FINE Gael backbenchers in Limerick “remain unconvinced” by IAG boss Willie Walsh’s charm offensive but have not gone as far as Clare-based senator Tony Mulcahy, who has threatened to resign the party whip if the government agrees to the takeover of Aer Lingus.
Both Deputy Kieran O’Donnell and Deputy Patrick O’Donovan were present for Mr Walsh’s appearance before the Oireachtas transport committee last week.
It was questioning from Deputy O’Donovan that elicited from Mr Walsh a fresh commitment that IAG would legally guarantee Shannon’s existing three daily flights to Heathrow for at least five years.
But this does not go far enough for either of the Limerick TDs, while Deputy O’Donnell was also unimpressed by Mr Walsh’s failure to give adequate assurances on transatlantic services. “Five years is a very short period in the business and tourism cycle. I also asked him about transatlantic and he could give no real, firm commitment in terms of Shannon,” said Deputy O’Donnell.
“I didn’t get the assurances I would have liked in respect of Shannon. I think the risks are very high for us. We have such a large foreign direct investment and indigenous business and tourism base here in the Mid-West. I still have reservations and I remain to be fully convinced,” he said.

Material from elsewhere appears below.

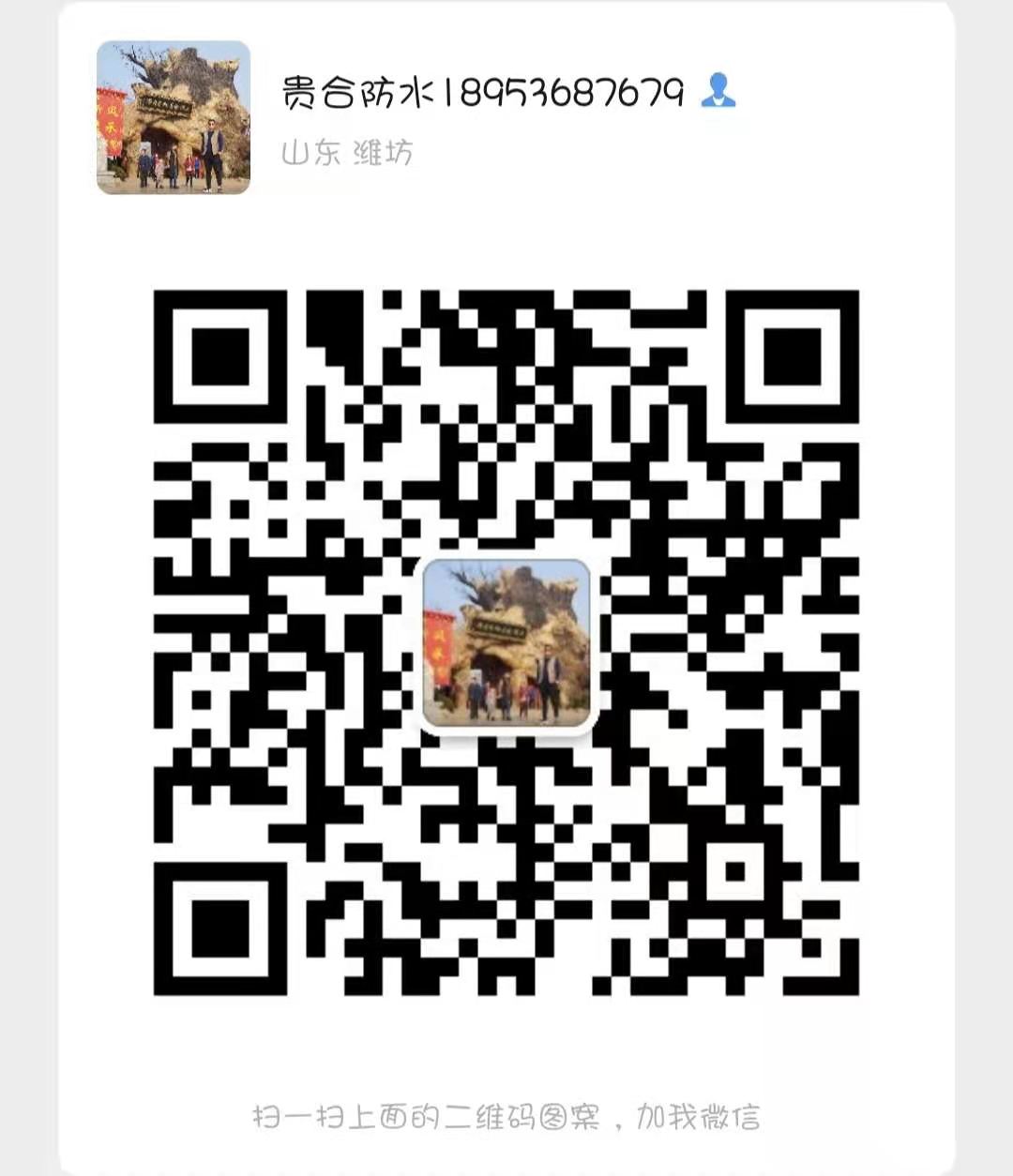 潍坊常鸿防水材料有限公司 微信二维码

Deputy O’Donovan is also not satisfied that the guarantees on Heathrow are of long enough duration.
“Willie Walsh has provided us with detail on his plans for Aer Lingus and how he believes it can fit into IAG. I was glad that when he answered me that he gave specific guarantees to Shannon and Cork, however I would like to see these guarantees for longer than what’s currently on the table,” he said.
But Deputy O’Donovan accepted a key point made by Mr Walsh to the committee, that the five-year guarantee is better than what Shannon currently has.
“It is clear that under the current ownership structure there is no protection for Shannon. We know from when the first 75% of the airline was sold, that Heathrow slots can be moved so if there are guarantees that can be given we need to examine them closely,” he said.
“Aer Lingus tomorrow morning could decide they were going to operate a New York-Heathrow or a Sydney-Heathrow route and there is absolutely nothing anybody can do about it, as we saw before in 2007 when they took them out of Shannon. So the government position in this is very weak and it is about making sure that however weak that position is, that it is maximised to best effect for the economy and the region,” Deputy O’Donovan said.
During the hearing, Mr Walsh repeatedly stressed his belief that Aer Lingus’ Shannon-Heathrow route was turning a profit. Around one in every four passengers passing through Shannon is on the Heathrow route, which carried 425,000 people last year and is expected to grow to 450,000 in 2015.
“I am a business person,” said Mr Walsh, “I believe the fundamental benefit one gets is from operating those in a profitable way. I believe they [Shannon and Cork]are profitable today and will continue to be profitable and continue to provide valuable feed [traffic].
“I see no reason why we would not operate services from Shannon and Cork to Heathrow, maintaining the four daily services from Cork and the three daily services from Shannon.”
Amid fears that IAG could reallocate Shannon’s Heathrow slots to busier airports in its global network, Mr Walsh stressed that over 70% of IAG’s Heathrow slots were short-haul and that the company was already in a position to reallocate slots to long haul destinations.
But his efforts to assuage the fears of politicians in the Mid-West have not convinced Senator Mulcahy, who is based in Shannon. He has warned Fine Gael that they cannot rely on his vote if they accept an offer Mr Walsh has promised he will not improve. “I cannot support any proposed sale of Aer Lingus to IAG as the risks are far too great for Shannon Airport, the regional economy, and the people of Clare and the west of Ireland. Should the Government sell its shares to IAG I will resign the party whip,” said Senator Mulcahy.
On his colleague’s threat to quit the party, Deputy O’Donovan said: “I can understand the concern and it is a concern for me myself as I’m from the region. But I think there is a bit to play out in this yet and I don’t think we are anywhere near a handshake.”
Deputy O’Donnell said he had been raising the matter in the Dail, within the parliamentary party and directly with Minister for Transport Paschal Donohoe and he hoped that the government decision would ultimately be informed by the concerns articulated by those representing the Mid-West and the other regions.